Volgens 1 Kon. 8 : 9 en 2 Kron. 5 : 10 was er niets in de ark dan de twee tafelen; in Hebr. 9 : 4 staat dat in de ark zich ook nog bevonden de kruik met manna en de staf van Aaron, die gebloeid had. In Exod. 16 : 34 en Num. 17 : 10 staat echter duidelijk, dat de staf van Aaron en de kruik met manna zijn geweest voor de getuigenis en niet in de ark.
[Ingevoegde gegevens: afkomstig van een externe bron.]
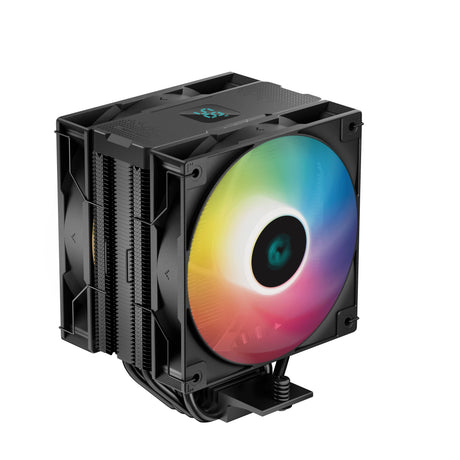 EAN 6933412728627 - DeepCool AG400 Digital Plus Procesador Refrigerador de aire 12 cm Negro 1 pieza(s) imagen 1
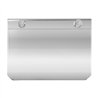 GG92392 - S.S. 8"X6" PERMIT STICKER HOLDER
Sommige uitleggers zeggen dat de schrijver van den Hebreërbrief zich hier aansluit bij de „in dien tijd bij de Joden, waaraan hij schreef, algemeen gangbare opvatting van Exod. 16:34 en Num. 17 : 10”; de Kantteekenaren herinneren er aan dat sommige uitleggers de woorden „in welke” laten slaan op het woord tabernakel in vs. 3 en weer anderen wel degelijk denken aan de ark „in of omtrent welke de gouden kruik met manna enz. geweest zijn”; ook zijn er die van meening zijn dat de schrijver wat vlak bij iets is, geheel vereenzelvigt met datgene, waarbij het ligt of geplaatst is, indien het er ten nauwste aan verbonden is; de kruik met manna nu en de staf van Aaron waren op het nauwste met de ark verbonden als blijken van de trouw en almacht des Heeren. Dit is zeker dat er, toen de tempel van Salomo werd opgericht, niets meer in de ark was dan de steenen tafelen; of evenwel uit Hebr. 9 : 4 moet worden afgeleid dat er vroeger nog andere voorwerpen in de ark aanwezig waren, durf ik niet beslissen.Op de ark was een deksel van massief goud, dat even lang en breed was als de ark zelf, verzoendeksel genoemd, wijl op den grooten verzoendag hierop de bloedsprenging ter verzoening van de zonden des volks geschiedde (Lev. 16 :14); naar dit verzoendeksel heette het heilige der heiligen ook „huis des verzoendeksels” (1 Kron. 28:11); want de ark was in den tabernakel en tempel het meest heilige voorwerp onder de dingen die in het „huis des Heeren” waren en vond daarom haar plaats ook in het heilige der heiligen en van de ark was voor Israël het verzoendeksel weer het voornaamste stuk. Aan de uiteinden van dit verzoendeksel waren twee cherubs aangebracht, van dicht goud, doch van binnen hol, die met hun uitgebreide vleugelen de ark overschaduwden. Deze cherubs verschilden van die, welke Ezechiël beschrijft; zij hadden elk slechts één aangezicht, dat naar elkander was toegekeerd en den blik deemoedig neersloeg op het verzoendeksel. Dit verzoendeksel diende niet slechts om een deksel voor de kist te zijn, maar had zijn eigen bizondere beteekenis. Het verzoendeksel, kapporeth, was het middelpunt der tegenwoordigheid Gods onder zijn volk, als het ware de troon, van welke Hij Israël, als diens onzichtbare koning, wilde regeeren en zijne bevelen geven. Het was dus meer dan een deksel, ’t was een troon, want in die ark onder dat deksel, lagen de twee steenen tafelen; zoo vormden gerechtigheid en gerichte de vastheid van zijn troon (Ps. 89 : 15).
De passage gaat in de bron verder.